# THE TASK
No pictures belong in the copy. Set down exactly the lines from the one that contains "Renault Megane 2022" through the end of the data.

BEGIN DATA TO USE

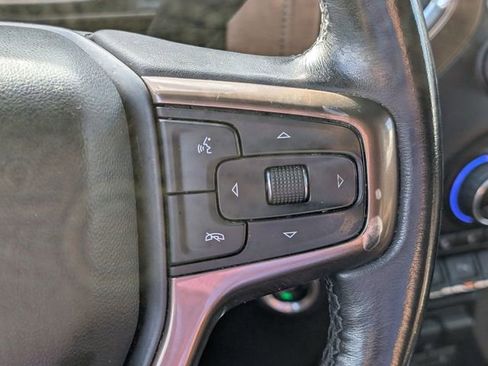 Used 2019 Chevrolet Silverado 1500 High Country image 30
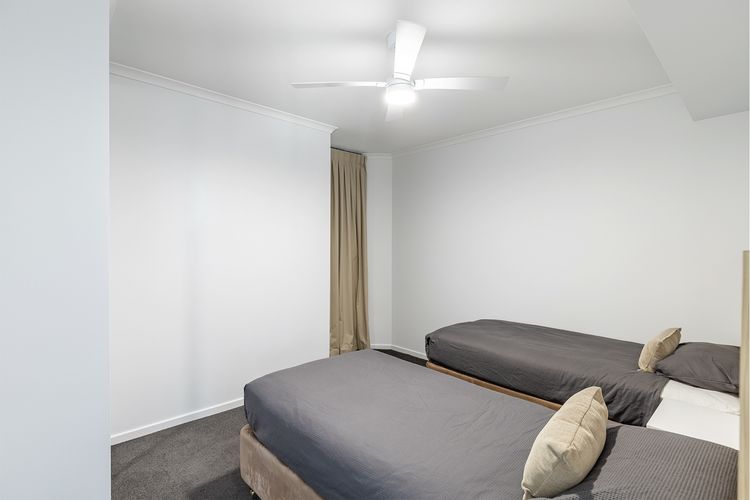 The Landmark, 211/61B Dowling Street – Resort Style holiday with pool, games room & restaurant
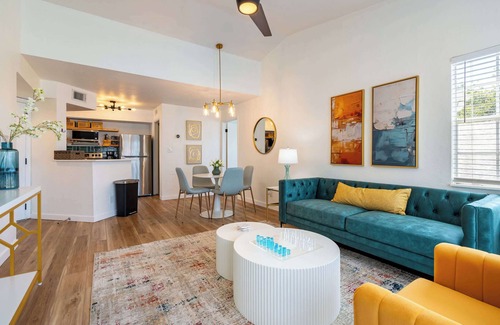 Ocean Side Village Apartamento | 2BR Beach Getaway - Pool, Gym, Near Space Coast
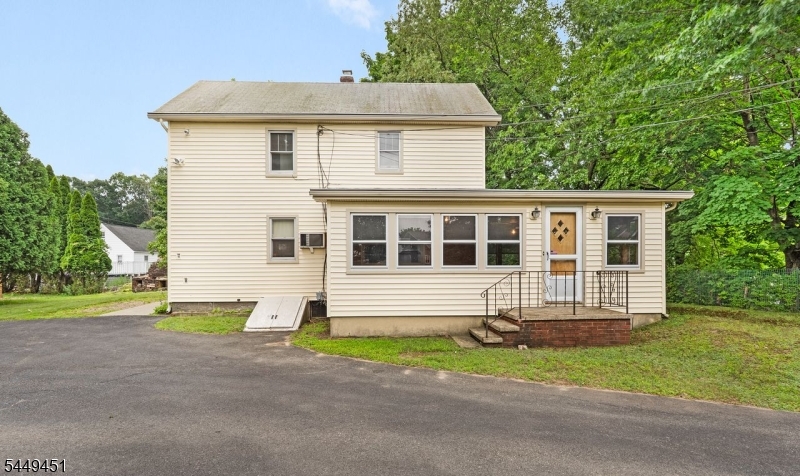 94 Franklin Ave Property Photo 1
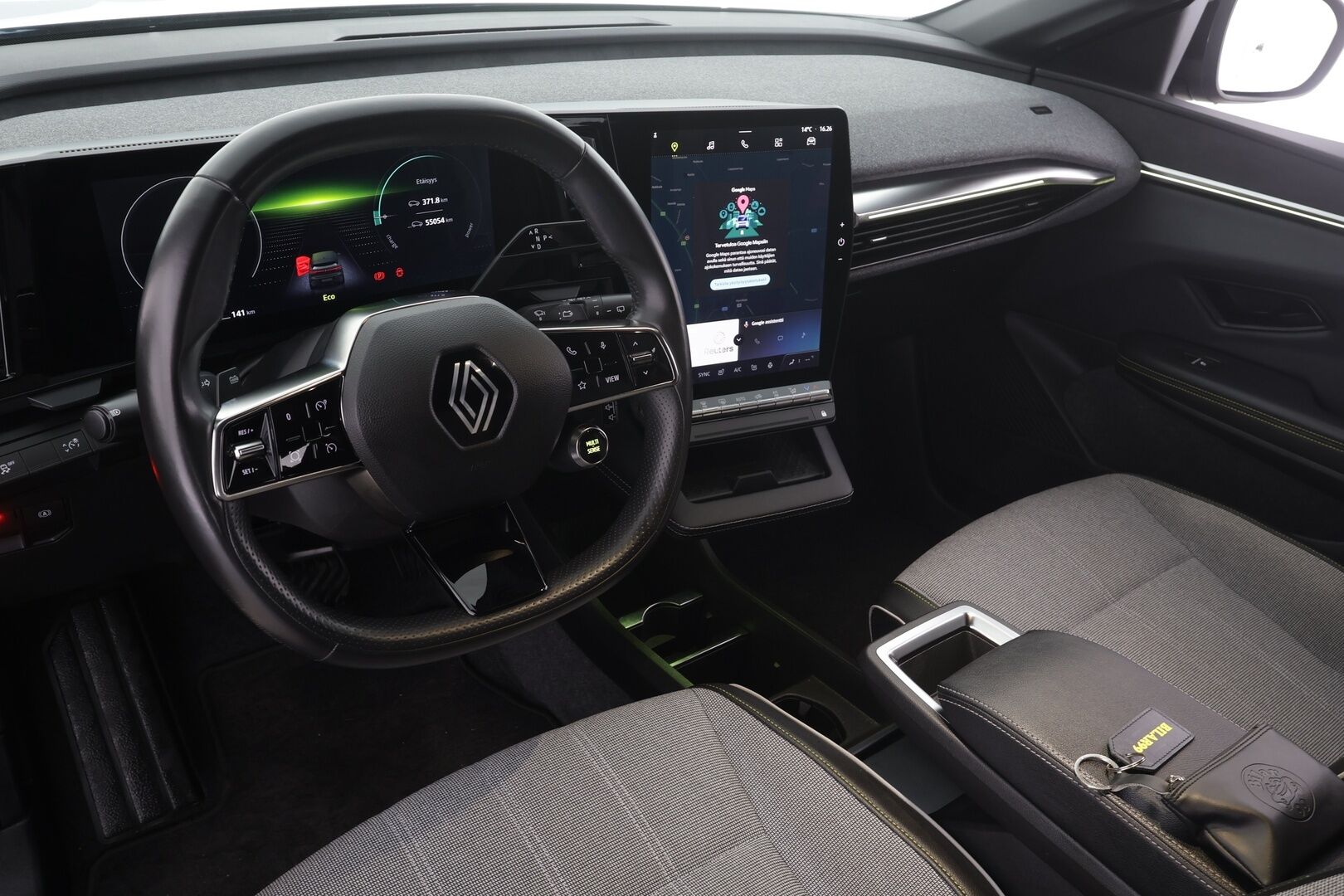 Renault Megane 2022 E-Tech electric 60kWh 220hv Techno * Koukku / ILP / Vakkari / LED / P.Kamera / Navi / Kaistavahti * - Kahdet renkaat aluvanteilla oem vanteilla / Soh. 95,7! / Siistikuntoinen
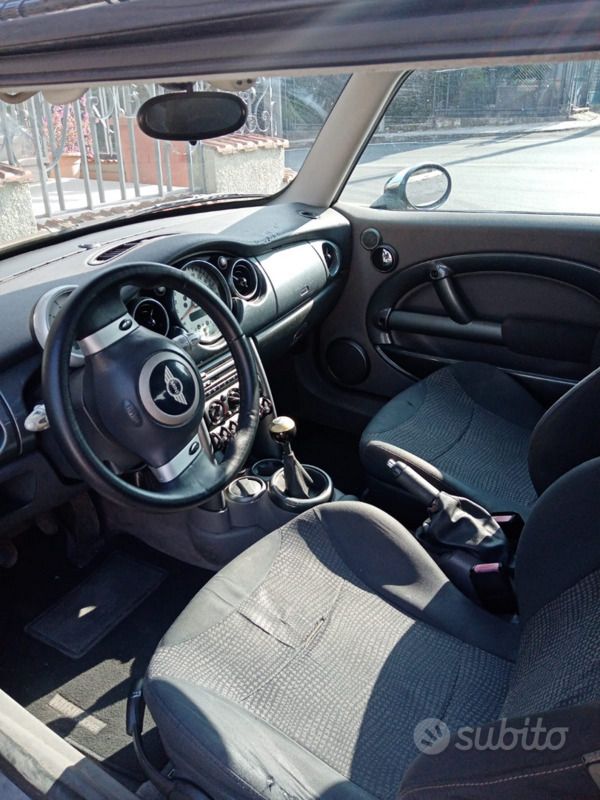 Usata Mini Cooper 75 CV (55 kW) 2004 Nero Utilitaria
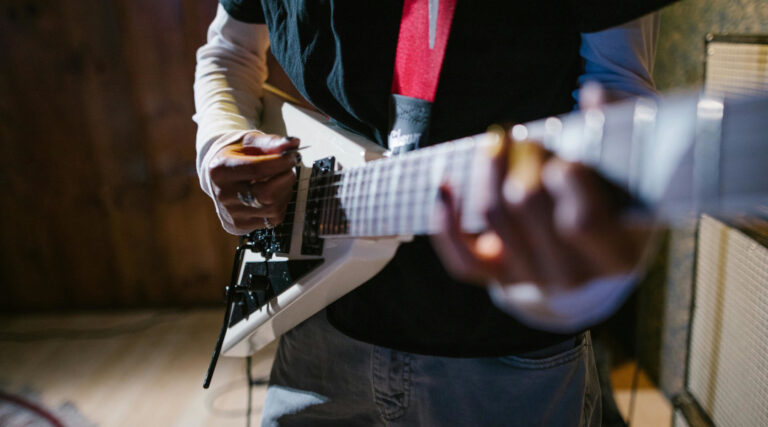 Pinch Harmonics erklärt – der ultimative Guide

END DATA TO USE

# WRITTEN ANSWER
 Renault Megane 2022 E-Tech electric 60kWh 220hv Techno * Koukku / ILP / Vakkari / LED / P.Kamera / Navi / Kaistavahti * - Kahdet renkaat aluvanteilla oem vanteilla / Soh. 95,7! / Siistikuntoinen
 Usata Mini Cooper 75 CV (55 kW) 2004 Nero Utilitaria
 Pinch Harmonics erklärt – der ultimative Guide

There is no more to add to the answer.